When will people learn to stop writing awful messages on receipts? It never works out well.
An 18-year-old waitress named Sadie Karina Elledge from Harrisonburg, Virginia, who’d just gotten done serving a couple lunch, took a look at the receipt and saw the words “We only tip citizens.”
"It doesn't matter whether I'm Hispanic or American or whatever you want to call it," she said told WHSV. "I'm still a person and you should still treat me with respect."
“Ada M. Doriot” is the name he believes was written at the bottom of the receipt.

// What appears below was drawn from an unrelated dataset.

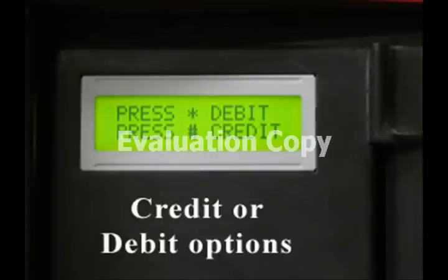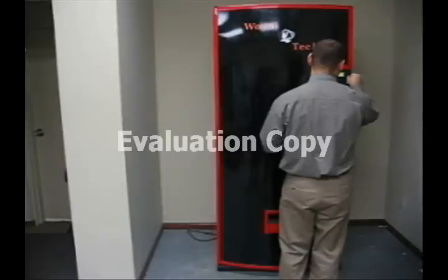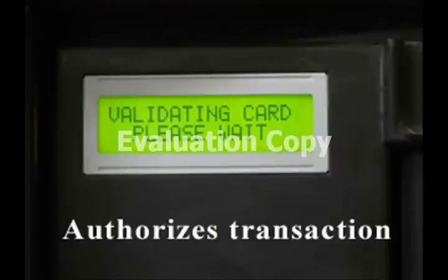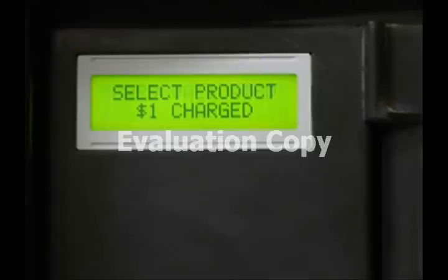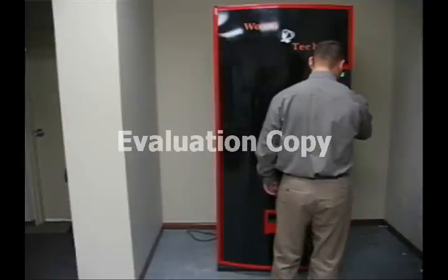This machine also dispenses product by debit or credit. Simply insert your card, credit card is registered, select your product, and the unit dispenses.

Elledge, who said he is particularly sensitive to the way his granddaughter was treated, told The Washington Post that during the 1980s in Honduras "he taught English to children in a bilingual school, started a youth program and met Iris, the Honduran woman who would become his wife."
“I’ve gotten six wonderful grandkids,” he said. “Sadie’s the third oldest. Her dad’s Honduran — my son — and her mother is Mexican. We’re a totally bicultural family. A pretty typical bicultural family.”

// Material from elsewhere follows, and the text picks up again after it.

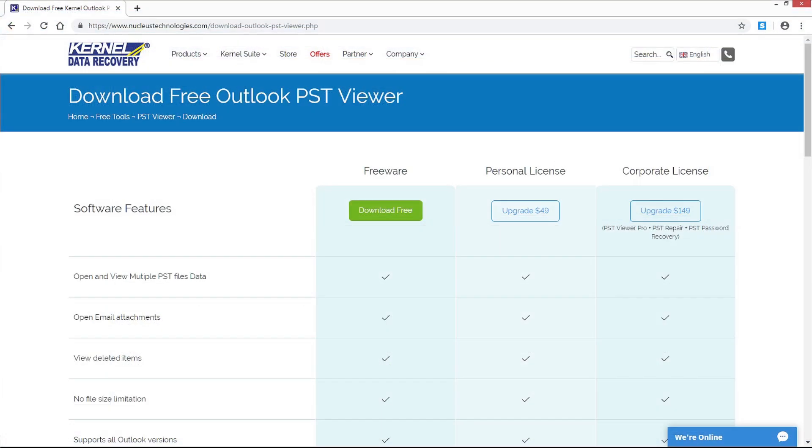Further, if you want to save the file, you can upgrade to the higher version known as Kernel for Outlook PST Repair, that can repair and save a PST file to other destinations, like Outlook, Exchange, Office 365, Gmail, etc.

Apparently, after he posted the receipt on Facebook and the story picked up steam, Elledge said he encountered the couple at the restaurant. They were angry that this was making the rounds on social media.
Tom Marchese, the manager at Jess’ Lunch, said that the man “was yelling and screaming about the four digits (of the credit card).”
“I said ‘It’s not even your card. Are you really concerned about that or are you more concerned about what was put on social media?’ He said ‘well, both,'” Marchese said. “I told him why is he even yelling at me, he should go to the person that did it.”
Elledge walked into the restaurant soon after, having heard that the couple were there.
“We didn’t talk much. She was mad that I posted it... The guy, he was being really belligerent,” Elledge told the Post about the encounter. “She was asking me why I posted it. I said obviously, it was an insult (above) your signature against my granddaughter, darn right I’m going to post it. And no apologies.”